For the first time since the fourth quarter of 2002, Standard & Poor's 500 Index-objective funds topped the list with 5.51% returns.

"There is always talk about the small-cap phenomenon, but investors are taking a more conservative approach with big names and strong earnings," said Tom Roseen, a senior research analyst with Lipper of New York.

Investors are cautious, as indicated by the 5.05% returns in income-orientated funds in the quarter, he said. Large-cap value funds posted returns of 5.38%, outperforming large-cap growth funds' average returns of 2.56%. It was the first time since the third quarter of 1998 that large-cap funds, which rose 4.16% overall, posted two consecutive top-performing quarters. Small-cap funds had negative 1.28% returns overall, and small-cap growth funds, comprised of transportation, energy, minerals and industrial services sectors, posted negative 2.74% returns.

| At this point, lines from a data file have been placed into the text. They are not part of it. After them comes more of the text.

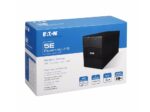 Sursă de alimentare neîntreruptibilă Eaton 5E650IUSBDIN, Linear-interactiv, 650VA, Turn - imagine 3
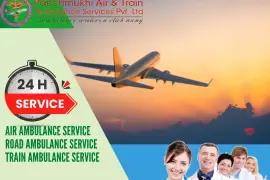 Panchmukhi Air Ambulance Services in Bangalore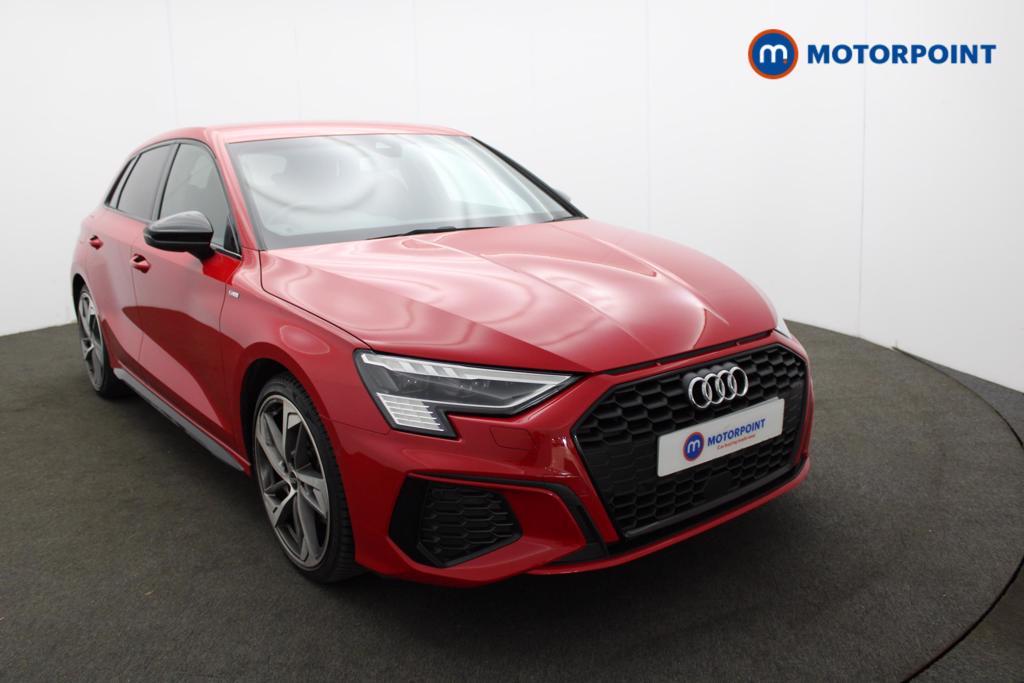 Audi A3 Edition 1 Automatic Diesel Hatchback - Stock Number (1552050) - 32nd supplementary image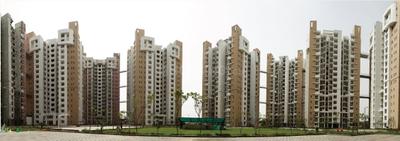 Logix Blossom Greens Phase 5 Towers B C & D Project Images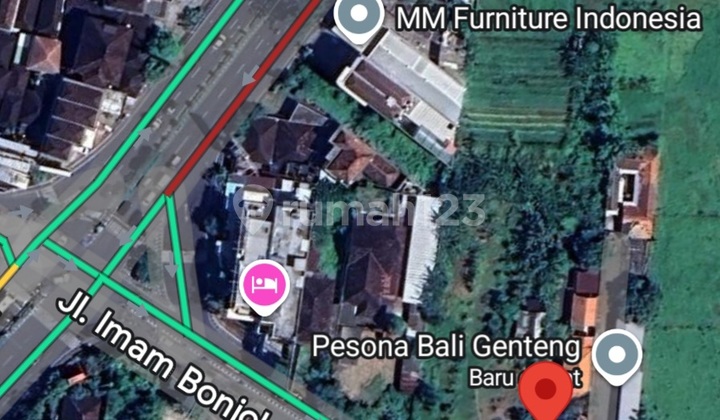 Land For Sale In Imam Bonjol Former Warehouse Land For Sale In Imam Bonjol Former Warehouse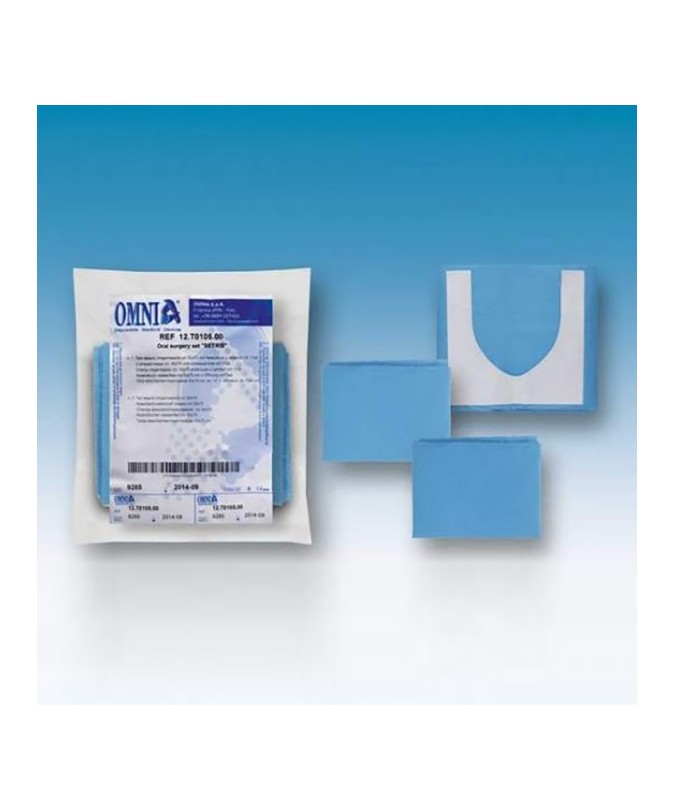 SET CIRUGIA ORAL 1u. 12T010500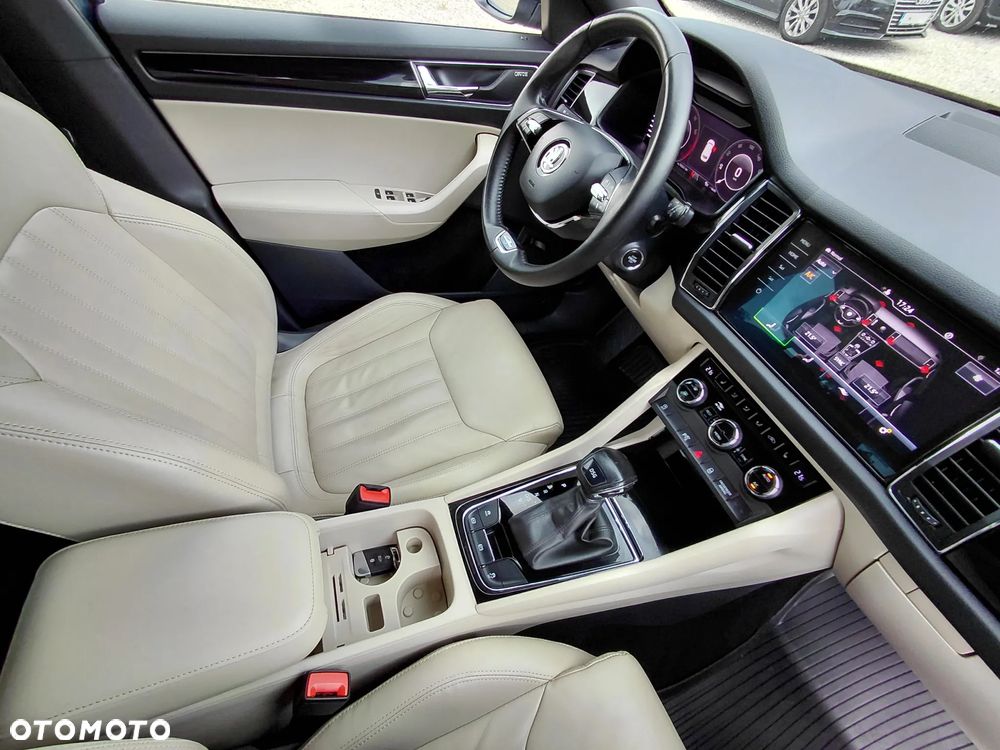 Skoda Kodiaq 1.5 TSI ACT 4x2 L&K DSG 7os - 13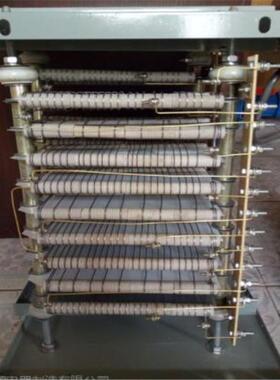RY2Y2-280S-6/6D电阻器匹配YZR电动机S3S4S5工作制的通用电阻器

Sector equity funds posted gains of 3.94% in the third quarter, despite a 15% decline in oil prices during the quarter. Real estate funds led the way with 8.35% returns, which might seem a little surprising considering the uncertainty surrounding housing prices, but interest remains strong in income-generating commercial real estate through real estate investment trusts. Real estate is the only sector class that can boast seven consecutive years of positive performance, Roseen noted.

Not far behind real estate were utility funds, with an average return of 6.26%, and telecommunication funds, which posted average gains of 5.94%. Taking a big hit were natural resources funds, which fell 8.40% in the quarter, primarily due to a 15% decline in oil prices during the quarter, Lipper said.

Normally, the third quarter is the slowest for financial services funds, but it was quite the opposite this year, with financial services funds returning 5.52%. Large banks posted high returns from trading revenue, increased mergers and acquisitions and debt offerings.

The high returns are expected to continue next quarter, said Ashwani Kaul, senior research analyst with Reuters Estimates of New York. "There is a lot of money for financials to make, and they are taking advantage of it."

Looking abroad in the third quarter, world equity funds posted a gain of 3.44%. Pacific ex-Japan funds boasted the best in the group, with gains of 5.99% and particularly strong returns from Hong Kong, Singapore, and South Korea. Latin American and emerging-markets funds boasted returns over 5%.

The U.S. trends-such as multi- and large-cap funds beating small- and mid-cap funds, and value funds favored over growth funds-were seen internationally as well.

World equity funds would have posted even stronger returns but were mostly dragged down by gold-oriented and Japanese funds, which had negative 6.38% and negative 2.04% returns, respectively, Lipper said. They were the only two funds that posted negative returns in the world equity category. Japanese funds were pulled down by the financial, producer manufacturing and process industries sectors.

Lipper also reviewed fixed income funds for the quarter. The bond market was refreshed due to the Federal Reserve's pausing rates for a second time last month, the uncertainty in the economy and the decline in housing prices, said Jeff Tjornehoj, a senior research analyst with Lipper. The average fixed income bond fund returned 3% in the quarter. However, wages, spending and jobs are still in growth mode, he said.

Corporate mortgage and bonds are on pace to reach record levels and overall did fairly well and did not lag too much, he said. Treasury funds yielded an average return of over 2%. They typically do quite well and have good returns for investors, but after the Fed pause, they were largely ignored, Tjornehoj said.

Looking forward, the earnings growth of companies in the S&P 500 is expected to reach 14.1% for the third quarter, compared to 13.2% in the same period last year.

On a sector basis for the year, basic materials and financial sectors are expected to show the largest year-over-year earnings gains, with 40% and 20%, respectively, Kaul estimated. A handful of financial firms have reported earnings, and thus far the numbers look very strong, he said. The non-cyclical consumer goods and service and technology sectors are expected to show the least favorable earnings gains, with a 2% gain and a 2% decline, respectively.

Commenting on the coming months, Roseen is not very bullish on the fourth quarter due to the mid-term election next month, which could disrupt market volatility if there are major changes. Anytime there is a possible change in leadership, especially in the House or Senate, it plays on investors' minds a bit, he said. Tax costs will come into question, as well. Additionally, there is uncertainty over whether the Fed will increase rates further.